This is a C++ port of partdiff.

Related Work

Usage

Since partdiff++ uses some C++20 (std::format, std::numbers) and C++23 (std::print, 3d-operator[]) features, you need a reasonably recent C++ compiler. I tested it with g++14 14.2.0.

$ git clone https://github.com/felsenhower/partdiffpp.git
$ cd partdiffpp
$ make
$ ./partdiff 1 2 100 1 2 100

Testing

This project uses partdiff_tester via CI to ensure that the output matches the reference implementation. It passes the correctness tests with --strictness=4 (exact match) and with --valgrind (i.e. it has no memory leaks).

Performance

partdiff++ is a bit faster than partdiff.

The following three benchmark plots show partdiff and partdiff++ competing with 1 thread, Gauß-Seidel, 1024 interlines, f(x,y) ≠ 0, and $n iterations (./partdiff 1 1 1024 2 2 $n) over 10 repeated runs.

partdiff was compiled with gcc -std=c11 -Wall -Wextra -Wpedantic -O3 -flto -march=native and partdiff++ was compiled with g++ -std=c++20 -Wall -Werror -Wextra -Wpedantic -O3 -flto -march=native.

For 1024 iterations, partdiff's runtime is (772.77 ± 4.16) s and partdiff++' runtime is (715.90 ± 0.82) s, which makes partdiff++ (7.36 ± 0.5) % faster.

This is probably to a large part because of the custom Matrix / Tensor implementation that uses an overloaded operator[] for element access, so we can save a bit of pointer arithmetic and do the index computation directly.

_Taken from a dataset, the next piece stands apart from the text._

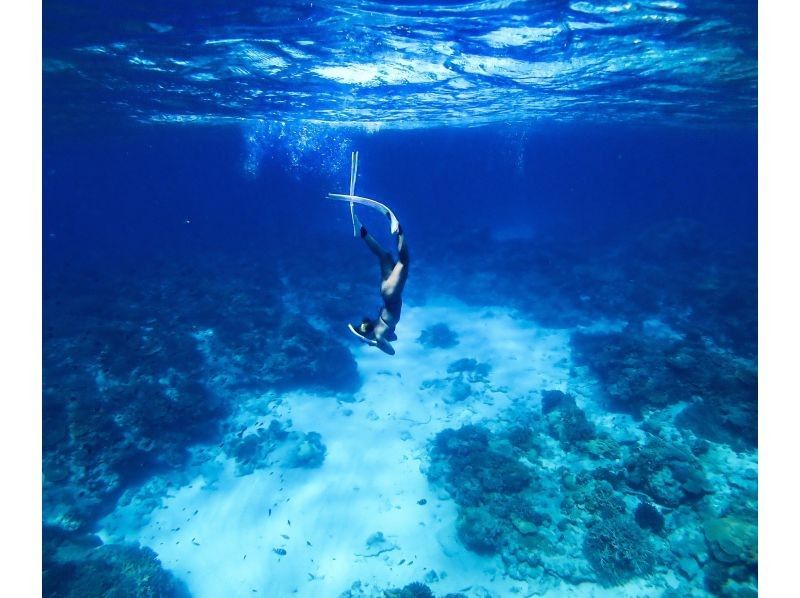 [Okinawa, Minna Island & Sesoko Island] 2 dives Boat entry skin diving (for beginners)の紹介画像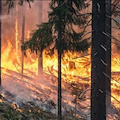 Emergenza incendi: numeri e dati di Legambiente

However, for a single iteration, partdiff's runtime is (0.89 ± 0.01) s and partdiff++' runtime is (0.79 ± 0.01) s, which makes partdiff++ (11.24 ± 1.5) % faster.

One can also see in Figure 3, where the best-fit line has been included, that the runtime projected onto 0 iterations is also smaller for partdiff++.

This means, that partdiff++' startup time is also smaller which is a bit surprising, considering that I did not care for performance in the startup code at all and used many sophisticated but expensive techniques. However, it is claimed that the new C++ string printing (std::print) is faster than printf. Maybe a bit of modern C++ compiler magic is involved as well.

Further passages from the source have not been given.